Men say they know many things;
But lo! they have taken wings, —
The arts and sciences,
And a thousand appliances;
The wind that blows
Is all that any body knows.

The Peace of Wild Things

Wendell Berry is one of my favourite poets. I have many favourites. It is much easier to find a poem when you have many.

We spend time each summer wandering through nature. I think for Kathy and I it is a return to our roots. We grew up in rural settings and were outdoors a lot as a result. I think as we mature, getting older is so passe, we look for the roots that connect us to the universe. Nature is one those things.

Alfred North Whitehead suggested we only need to look at nature to find the patterns we need in life.

When despair for the world grows in me

and I wake in the night at the least sound

in fear of what my life and my children’s lives may be,

I go and lie down where the wood drake

rests in his beauty on the water, and the great heron feeds.

I come into the peace of wild things

who do not tax their lives with forethought

of grief. I come into the presence of still water.

And I feel above me the day-blind stars

waiting with their light. For a time

I rest in the grace of the world, and am free.

Praying

Mary Oliver writes in uncomplicated ways. It is not simple, but there are elements of simplicity linked to complexity. Her poem Praying is an example of this simplexity. Praying is an entreaty or asks for something and suggests creating space for responses. There is a simplicity in the way prayer unfolds. It happens anywhere, anytime, and with few words. The complex part is being quiet and discerning the answers. This requires quiet spaces that we have to craft out of the busyness of modern lives and days.

It doesn’t have to be
the blue iris, it could be
weeds in a vacant lot, or a few
small stones; just
pay attention, then patch

a few words together and don’t try
to make them elaborate, this isn’t
a contest but the doorway

into thanks, and a silence in which
another voice may speak.

Bellhouse Bay

Yesterday, Stephen posted this wonderful poem on his blog Grow Mercy. Normally, I re-blog, but Stephen uses another platform and I have not figured out how to re-blog across platforms or, for that matter, if there is a way. The poem and post were profound and I wanted to share.
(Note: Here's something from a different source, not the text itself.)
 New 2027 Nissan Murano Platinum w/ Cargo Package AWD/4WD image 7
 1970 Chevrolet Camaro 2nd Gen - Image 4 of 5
Dorothy Livesay wrote this as a reminder we inherit Earth from our children and grandchildren to paraphrase Chief Seattle. There is a great interconnection that extends beyond what is present to the generations to come. We are surrounded by sentient and inanimate parts of the world that connect us to each other and to the world we live in. We should soak it in and leave more than the pictures behind. We should leave what is real and tangible so our children and grandchildren might touch its beauty and be touched by its beauty, as well. We share this Creation today with what is revealed to us and what will be revealed to others yet to come.

Last night a full silver
moon
shone in the waters of the bay
so serene
one could believe in
an ongoing universe

And today it’s summer
noon heat soaking into
arbutus trees blackberry bushes
Today in the cities
rallies and peace demonstrations exhort

SAVE OUR WORLD SAVE OUR CHILDREN

But save also I say
the towhees under the blackberry bushes
eagles playing a mad caper
in the sky above Bellhouse Bay

This is not paradise
dear adam dear eve
but it is a rung on the ladder
upwards
towards a possible
breathtaking landscape.

Landscape Survey

I chose a metaphor about 21st Century learning being similar to a living topography in my writing to date, which is different from the flat world view of some i.e. Thomas Friedman.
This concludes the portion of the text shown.